Paper Discussion: What you can cram into a single $&!#* vector: Probing sentence embeddings for linguistic properties

I have started reading this paper, and I am having some questions as I read through it so I was hoping somebody else has either read it or is wanting to read it and discuss the paper. So far, it is a really interesting read and I think it is a worthwhile ready, but I am having troubles with some of the results. If you look at Table 2, it shows Majority Vote

and it looks terrible, so my thought is that “Majority Vote” is probably what the authors assume the minimum value is for this field but was hoping if somebody else has read through this, you could provide your input.

I’m reading this paper now. I think that majority vote picking the single most common class or output and applying to all cases. At the end of section 2 the authors say “all sets are balanced having equal number of instances in each target class”

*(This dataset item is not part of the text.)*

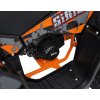 Benzínová čtyřkolka SIRIUS 49 ccm Oranžová 11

With sentence lenght, they claim to have 6 buckets and equal weighted. I’m guessing they used dummy vars and 5 groups. So picking on group for all classes you get 20% accuracy as displayed. For TopConst they have 20 way output and equal so 5%. For the others to the right, 50% is just guessing a single category for all of them.

Like you said, I think this is the floor. You have a binary or multi class problem and it is balanced and you guess a single class.

It is an interesting platform to “test” how well the encoder works for general problems. Have you tried to implement the techniques and compare to their data? If not, do you want to work on that together? I bet we’d learn a lot about how these architectures all work by matching the results.

1 Like

I’m interested in implementing but there are a few pieces I don’t understand with the tests.

Some of the more intuitive tests should definitely be doable though.